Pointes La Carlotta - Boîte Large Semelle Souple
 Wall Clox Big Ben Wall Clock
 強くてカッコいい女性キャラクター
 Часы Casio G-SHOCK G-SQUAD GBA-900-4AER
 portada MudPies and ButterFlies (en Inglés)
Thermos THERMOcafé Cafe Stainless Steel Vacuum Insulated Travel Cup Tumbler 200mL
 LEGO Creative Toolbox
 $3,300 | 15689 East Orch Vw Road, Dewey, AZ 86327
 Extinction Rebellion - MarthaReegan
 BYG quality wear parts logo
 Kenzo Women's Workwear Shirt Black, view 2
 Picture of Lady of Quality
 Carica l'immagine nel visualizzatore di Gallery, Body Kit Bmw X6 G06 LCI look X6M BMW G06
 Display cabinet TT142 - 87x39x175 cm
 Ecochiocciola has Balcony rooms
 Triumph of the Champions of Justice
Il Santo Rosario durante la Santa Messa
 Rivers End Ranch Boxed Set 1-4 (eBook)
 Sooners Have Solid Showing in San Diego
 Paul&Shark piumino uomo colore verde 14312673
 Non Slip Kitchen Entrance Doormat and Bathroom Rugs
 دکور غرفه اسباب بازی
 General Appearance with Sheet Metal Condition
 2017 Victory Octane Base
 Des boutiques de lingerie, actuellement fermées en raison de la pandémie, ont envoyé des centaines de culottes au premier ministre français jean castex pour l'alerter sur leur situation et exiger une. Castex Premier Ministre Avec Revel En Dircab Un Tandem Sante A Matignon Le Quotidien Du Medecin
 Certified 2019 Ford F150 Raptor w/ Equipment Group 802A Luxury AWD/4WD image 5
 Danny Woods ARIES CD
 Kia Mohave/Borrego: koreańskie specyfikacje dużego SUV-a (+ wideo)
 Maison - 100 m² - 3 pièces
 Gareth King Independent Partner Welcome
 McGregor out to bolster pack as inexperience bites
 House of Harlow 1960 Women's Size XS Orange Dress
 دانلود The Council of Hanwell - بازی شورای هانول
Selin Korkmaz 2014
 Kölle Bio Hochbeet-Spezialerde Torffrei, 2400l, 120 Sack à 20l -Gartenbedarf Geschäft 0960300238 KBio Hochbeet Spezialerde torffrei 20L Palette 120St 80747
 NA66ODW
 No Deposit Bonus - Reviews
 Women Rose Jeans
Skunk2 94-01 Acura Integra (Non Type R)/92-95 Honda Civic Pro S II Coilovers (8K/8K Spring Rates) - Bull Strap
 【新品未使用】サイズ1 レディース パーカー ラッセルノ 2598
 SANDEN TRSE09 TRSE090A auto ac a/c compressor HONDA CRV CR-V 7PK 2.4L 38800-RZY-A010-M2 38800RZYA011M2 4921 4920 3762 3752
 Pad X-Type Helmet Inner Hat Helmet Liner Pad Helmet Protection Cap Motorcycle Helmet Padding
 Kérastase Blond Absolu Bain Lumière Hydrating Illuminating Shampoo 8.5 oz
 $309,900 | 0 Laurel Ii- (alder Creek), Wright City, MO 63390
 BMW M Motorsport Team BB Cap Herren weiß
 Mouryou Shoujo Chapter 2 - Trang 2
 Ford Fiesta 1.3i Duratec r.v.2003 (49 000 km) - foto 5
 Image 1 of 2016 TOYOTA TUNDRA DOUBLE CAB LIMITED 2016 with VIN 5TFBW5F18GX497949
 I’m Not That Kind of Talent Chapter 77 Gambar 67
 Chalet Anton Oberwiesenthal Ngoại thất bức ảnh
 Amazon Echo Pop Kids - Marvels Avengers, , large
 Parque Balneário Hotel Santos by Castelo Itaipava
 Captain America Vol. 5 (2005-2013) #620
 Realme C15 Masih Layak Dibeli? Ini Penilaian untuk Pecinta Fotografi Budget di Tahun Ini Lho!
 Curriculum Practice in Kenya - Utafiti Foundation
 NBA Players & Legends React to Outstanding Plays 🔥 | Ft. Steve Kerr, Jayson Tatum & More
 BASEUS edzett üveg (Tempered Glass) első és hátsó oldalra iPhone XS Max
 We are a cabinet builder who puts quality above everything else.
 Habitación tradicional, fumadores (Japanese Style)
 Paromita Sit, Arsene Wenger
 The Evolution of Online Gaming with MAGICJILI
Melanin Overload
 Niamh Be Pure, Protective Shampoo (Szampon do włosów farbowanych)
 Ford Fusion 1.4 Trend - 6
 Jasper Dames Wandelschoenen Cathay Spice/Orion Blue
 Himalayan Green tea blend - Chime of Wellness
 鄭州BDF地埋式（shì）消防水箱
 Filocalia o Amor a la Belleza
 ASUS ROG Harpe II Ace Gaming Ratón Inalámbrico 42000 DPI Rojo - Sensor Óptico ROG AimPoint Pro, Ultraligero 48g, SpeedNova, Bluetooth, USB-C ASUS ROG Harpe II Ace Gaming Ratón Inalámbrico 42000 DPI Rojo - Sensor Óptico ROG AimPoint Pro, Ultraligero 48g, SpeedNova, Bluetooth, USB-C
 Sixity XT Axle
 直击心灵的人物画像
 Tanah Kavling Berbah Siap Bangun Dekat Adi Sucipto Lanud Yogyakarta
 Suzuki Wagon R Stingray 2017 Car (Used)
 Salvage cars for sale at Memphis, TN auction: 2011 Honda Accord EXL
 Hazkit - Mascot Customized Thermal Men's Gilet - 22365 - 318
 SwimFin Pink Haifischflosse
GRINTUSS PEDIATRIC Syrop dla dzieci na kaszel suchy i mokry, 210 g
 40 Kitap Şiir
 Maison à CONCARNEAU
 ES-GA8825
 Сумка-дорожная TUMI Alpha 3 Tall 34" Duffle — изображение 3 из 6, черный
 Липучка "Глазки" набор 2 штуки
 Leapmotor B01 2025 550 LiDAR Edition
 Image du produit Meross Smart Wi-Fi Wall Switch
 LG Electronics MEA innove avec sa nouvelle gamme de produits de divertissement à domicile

====================

Exercise prompt -> Reproduce the complete data exactly as presented above.

Answer box ->
Pointes La Carlotta - Boîte Large Semelle Souple
 Wall Clox Big Ben Wall Clock
 強くてカッコいい女性キャラクター
 Часы Casio G-SHOCK G-SQUAD GBA-900-4AER
 portada MudPies and ButterFlies (en Inglés)
Thermos THERMOcafé Cafe Stainless Steel Vacuum Insulated Travel Cup Tumbler 200mL
 LEGO Creative Toolbox
 $3,300 | 15689 East Orch Vw Road, Dewey, AZ 86327
 Extinction Rebellion - MarthaReegan
 BYG quality wear parts logo
 Kenzo Women's Workwear Shirt Black, view 2
 Picture of Lady of Quality
 Carica l'immagine nel visualizzatore di Gallery, Body Kit Bmw X6 G06 LCI look X6M BMW G06
 Display cabinet TT142 - 87x39x175 cm
 Ecochiocciola has Balcony rooms
 Triumph of the Champions of Justice
Il Santo Rosario durante la Santa Messa
 Rivers End Ranch Boxed Set 1-4 (eBook)
 Sooners Have Solid Showing in San Diego
 Paul&Shark piumino uomo colore verde 14312673
 Non Slip Kitchen Entrance Doormat and Bathroom Rugs
 دکور غرفه اسباب بازی
 General Appearance with Sheet Metal Condition
 2017 Victory Octane Base
 Des boutiques de lingerie, actuellement fermées en raison de la pandémie, ont envoyé des centaines de culottes au premier ministre français jean castex pour l'alerter sur leur situation et exiger une. Castex Premier Ministre Avec Revel En Dircab Un Tandem Sante A Matignon Le Quotidien Du Medecin
 Certified 2019 Ford F150 Raptor w/ Equipment Group 802A Luxury AWD/4WD image 5
 Danny Woods ARIES CD
 Kia Mohave/Borrego: koreańskie specyfikacje dużego SUV-a (+ wideo)
 Maison - 100 m² - 3 pièces
 Gareth King Independent Partner Welcome
 McGregor out to bolster pack as inexperience bites
 House of Harlow 1960 Women's Size XS Orange Dress
 دانلود The Council of Hanwell - بازی شورای هانول
Selin Korkmaz 2014
 Kölle Bio Hochbeet-Spezialerde Torffrei, 2400l, 120 Sack à 20l -Gartenbedarf Geschäft 0960300238 KBio Hochbeet Spezialerde torffrei 20L Palette 120St 80747
 NA66ODW
 No Deposit Bonus - Reviews
 Women Rose Jeans
Skunk2 94-01 Acura Integra (Non Type R)/92-95 Honda Civic Pro S II Coilovers (8K/8K Spring Rates) - Bull Strap
 【新品未使用】サイズ1 レディース パーカー ラッセルノ 2598
 SANDEN TRSE09 TRSE090A auto ac a/c compressor HONDA CRV CR-V 7PK 2.4L 38800-RZY-A010-M2 38800RZYA011M2 4921 4920 3762 3752
 Pad X-Type Helmet Inner Hat Helmet Liner Pad Helmet Protection Cap Motorcycle Helmet Padding
 Kérastase Blond Absolu Bain Lumière Hydrating Illuminating Shampoo 8.5 oz
 $309,900 | 0 Laurel Ii- (alder Creek), Wright City, MO 63390
 BMW M Motorsport Team BB Cap Herren weiß
 Mouryou Shoujo Chapter 2 - Trang 2
 Ford Fiesta 1.3i Duratec r.v.2003 (49 000 km) - foto 5
 Image 1 of 2016 TOYOTA TUNDRA DOUBLE CAB LIMITED 2016 with VIN 5TFBW5F18GX497949
 I’m Not That Kind of Talent Chapter 77 Gambar 67
 Chalet Anton Oberwiesenthal Ngoại thất bức ảnh
 Amazon Echo Pop Kids - Marvels Avengers, , large
 Parque Balneário Hotel Santos by Castelo Itaipava
 Captain America Vol. 5 (2005-2013) #620
 Realme C15 Masih Layak Dibeli? Ini Penilaian untuk Pecinta Fotografi Budget di Tahun Ini Lho!
 Curriculum Practice in Kenya - Utafiti Foundation
 NBA Players & Legends React to Outstanding Plays 🔥 | Ft. Steve Kerr, Jayson Tatum & More
 BASEUS edzett üveg (Tempered Glass) első és hátsó oldalra iPhone XS Max
 We are a cabinet builder who puts quality above everything else.
 Habitación tradicional, fumadores (Japanese Style)
 Paromita Sit, Arsene Wenger
 The Evolution of Online Gaming with MAGICJILI
Melanin Overload
 Niamh Be Pure, Protective Shampoo (Szampon do włosów farbowanych)
 Ford Fusion 1.4 Trend - 6
 Jasper Dames Wandelschoenen Cathay Spice/Orion Blue
 Himalayan Green tea blend - Chime of Wellness
 鄭州BDF地埋式（shì）消防水箱
 Filocalia o Amor a la Belleza
 ASUS ROG Harpe II Ace Gaming Ratón Inalámbrico 42000 DPI Rojo - Sensor Óptico ROG AimPoint Pro, Ultraligero 48g, SpeedNova, Bluetooth, USB-C ASUS ROG Harpe II Ace Gaming Ratón Inalámbrico 42000 DPI Rojo - Sensor Óptico ROG AimPoint Pro, Ultraligero 48g, SpeedNova, Bluetooth, USB-C
 Sixity XT Axle
 直击心灵的人物画像
 Tanah Kavling Berbah Siap Bangun Dekat Adi Sucipto Lanud Yogyakarta
 Suzuki Wagon R Stingray 2017 Car (Used)
 Salvage cars for sale at Memphis, TN auction: 2011 Honda Accord EXL
 Hazkit - Mascot Customized Thermal Men's Gilet - 22365 - 318
 SwimFin Pink Haifischflosse
GRINTUSS PEDIATRIC Syrop dla dzieci na kaszel suchy i mokry, 210 g
 40 Kitap Şiir
 Maison à CONCARNEAU
 ES-GA8825
 Сумка-дорожная TUMI Alpha 3 Tall 34" Duffle — изображение 3 из 6, черный
 Липучка "Глазки" набор 2 штуки
 Leapmotor B01 2025 550 LiDAR Edition
 Image du produit Meross Smart Wi-Fi Wall Switch
 LG Electronics MEA innove avec sa nouvelle gamme de produits de divertissement à domicile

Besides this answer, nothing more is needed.